◎感情が優勢で思考は効かなくなるブリザードでの冥想
現象という動画は、無数の静止画と隙間によってできている。隙間が無(ニルヴァーナ)であって、静止画が有(アートマン)。
よって人間は静止画は認識できていると思い込んでいるから、冥想とは、隙間を認識しようとすること。
2千年前は人間の中心は肚だったが、次第に胸に移り、今人間の中心は頭に移った。これを頭人間と云う。

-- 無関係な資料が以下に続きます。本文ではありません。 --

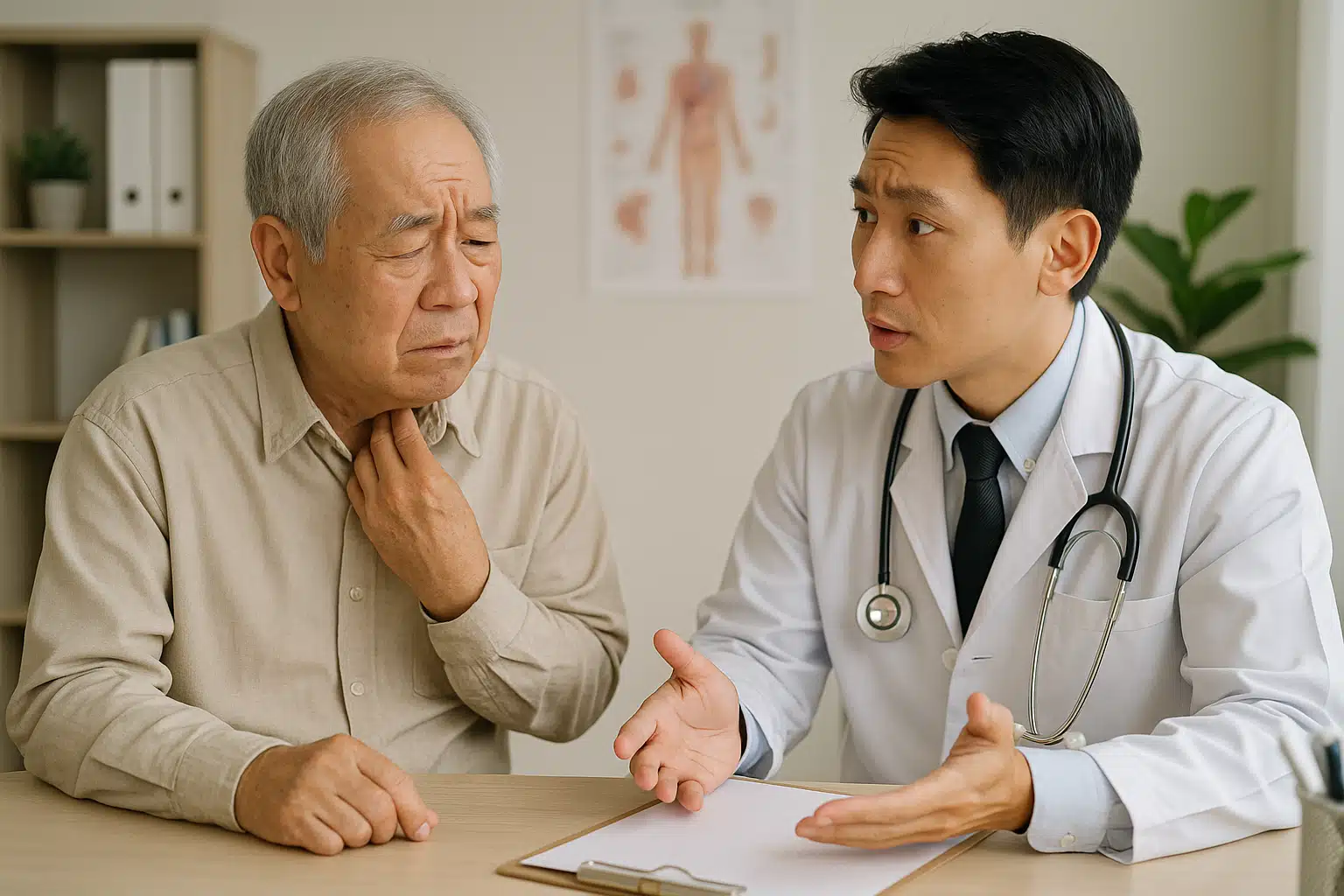 병원 진료실에서 어르신이 의사에게 체취 문제를 상담하는 장면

標高8千メートル以上の高山では、感情が優勢となり、思考は効かなくなる。感情とは無意識の側であり、思考とは意識の側。無意識の側にも静止画の側と隙間の側の両方がある。人間は無意識の側が完全に優勢になれば、これを発狂と呼ぶ。
冥想修行とは、無意識を操作することだが、コントロールしづらくなる無意識のブリザードの中で、神仏のサポートを受けつつ、素直で冷静に最終段階まで自分を失わず、持っていくのが、大変なところ。なお最終段階では、自分を棄てて飛び込まないと、先へは行かない。

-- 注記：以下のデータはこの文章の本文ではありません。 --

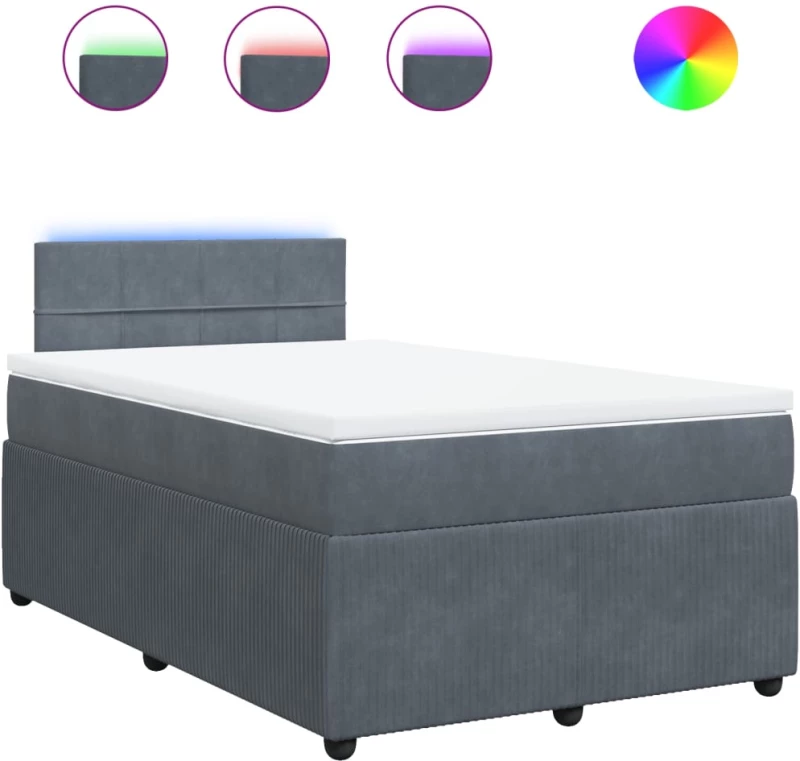 vidaXL Κρεβάτι Boxspring με Στρώμα Σκούρο Γκρι 120x200 εκ. Βελούδινο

想念の消し方については、いくつか例を挙げてみた。それ以外にヴィパッサナー(呼吸覚醒:アナパーナサティ)というのもある。
ヴィパッサナーは、釈迦がこれで覚醒したという技法。ヴィパッサナーといっても単発の冥想テクニックではなく、複数技法の複合。アーサナとプラーナヤーマで身体の質を変え、ヴィパッサナーで入息出息を見つめ心の質を変えると、自分が体でも心でもない一つになった瞬間が来る。ここで気づいている自分のない、“気づき”そのものになった時が、爆発、ジャンプアウトのチャンス。
なおヴィパッサナーは、発狂しやすいということをダンテス・ダイジはコメントしている。終始入息出息を見つめるという行は頭人間である現代人には難しいのだろうか。

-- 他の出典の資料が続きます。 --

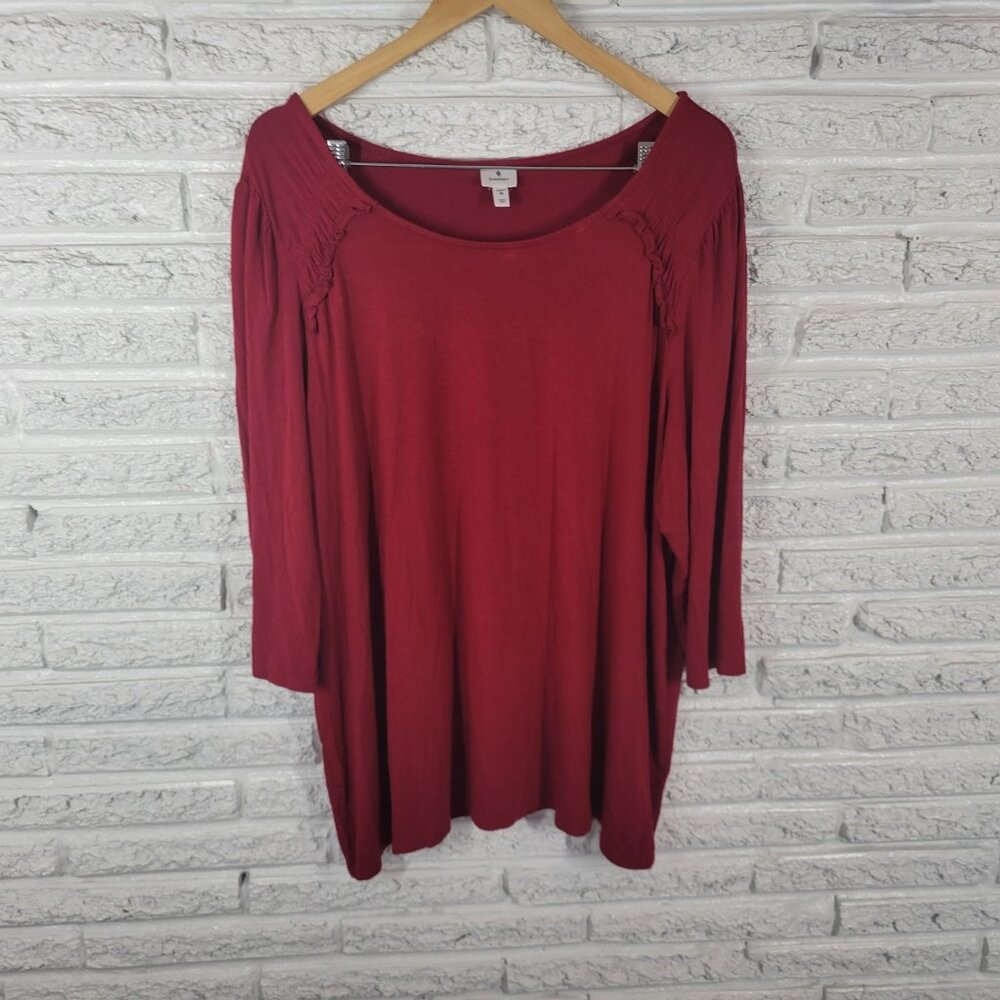 Dress Barn Womens Top 3X Plus 3/4 Sleeve Red Ruffle Rayon Blend Comfy RED64E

ボクシング世界チャンピオン井上尚弥は、人間は3分間集中し続けるのはむずかしいと言っていたわけだが、なんと2024年5月6日のルイス・ネリとのタイトルマッチで生涯初のダウンを喫した。この試合は、井上尚弥の勝利となったが、井上尚弥ですら3分間集中し続けるのは難しいということなのだろう。
その点で、釈迦は集中を継続し得たのだろうからすごい。その状況は、おそらく標高8千メートル級の死の地帯で、感情が優勢となり、思考は効かなくなるブリザード状態でのヴィパッサナー。そこを突破し得た者だけが、窮極ニルヴァーナに至る。だから釈迦は英雄と呼ばれる。